Answer
The tangent vector at $t=1$ is ${\rm{r}}'\left( 1 \right) = \left( { - 2,1} \right)$
Please see the figure attached. The red arrow represents the tangent vector.
Work Step by Step
Recall that the derivative vector ${\rm{r}}'\left( {{t_0}} \right)$ points in the direction tangent to the path traced by ${\bf{r}}\left( t \right)$ at $t = {t_0}$. For the curve ${\bf{r}}\left( t \right) = \left( {1 - {t^2},t} \right)$ we get ${\rm{r}}'\left( t \right) = \left( { - 2t,1} \right)$. Thus, the tangent vector at $t=1$ is ${\rm{r}}'\left( 1 \right) = \left( { - 2,1} \right)$. The point corresponding to $t=1$ is ${\bf{r}}\left( 1 \right) = \left( {0,1} \right)$.

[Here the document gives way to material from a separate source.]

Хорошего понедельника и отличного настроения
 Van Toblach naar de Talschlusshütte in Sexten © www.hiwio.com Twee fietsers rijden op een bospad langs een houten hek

We evaluate several points for the interval $ - 3 \le t \le 3$ and list them in the following table. Then we plot the points and join them to obtain the curve.
$\begin{array}{*{20}{c}}
t&{\left( {x,y} \right)}\\
{ - 3}&{\left( { - 8, - 3} \right)}\\
{ - 2}&{\left( { - 3, - 2} \right)}\\
{ - 1}&{\left( {0, - 1} \right)}\\
0&{\left( {1,0} \right)}\\
1&{\left( {0,1} \right)}\\
2&{\left( { - 3,2} \right)}\\
3&{\left( { - 8,3} \right)}
\end{array}$